Vatican officials have strongly denied claims by an Italian doctor that John Paul II hastened his own death by “refusing” to accept nourishment through a feeding tube.
In an article Dr. Lina Pavanelli questioned the reasons for which John Paul II received nourishment from a feeding tube “only” starting on March 30, 2005, three days before his death. Pavanelli said the Pope clearly needed this treatment earlier. She claimed the Pope chose not to receive adequate nourishment in order to weaken himself and die in a sort of “assisted suicide.”
Vatican officials told the Associated Press that the Pope did in fact use a feeding tube before March 30 but that it was not made known officially until that day. They pointed out Pavanelli has not had access to the Pope’s medical records and that her accusations are based merely on media reports.

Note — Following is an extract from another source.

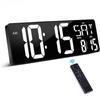 Multifunctional Large Digital Timer Clock 16.5 Inch LED Display Count Electronic Clock Home Office Classroom Wall Clock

Father Thomas Williams told CBS News that euthanasia “is the intentional acceleration of the death of a person. And, I think, to allege that they intentionally accelerated Pope John Paul's death is really farfetched. I have spoken with a number of doctors, both ... in Italy and in the United States about this," Williams continued, "and there's no consensus there. Dr. Pavanelli is definitely in the minority in saying the tube should have been inserted earlier. In fact, the tube is only put in when the patient is no longer able to ingest food and liquid by his or herself. And the pope was able to do that until shortly before his death."
"Everybody loves a conspiracy theory, especially when it relates to the Catholic Church. I remember back in 1978, when Pope Paul VI died, everyone started putting forth theories that he was poisoned or killed in some way. The same thing happened after the death of John Paul I, so I'm not really surprised," Father Williams said.
"There has been an immediate statement by the pope's personal doctor ... who was there at the pope's bedside up to the point of his death,” Father Williams pointed out. “He said these allegations are simply false."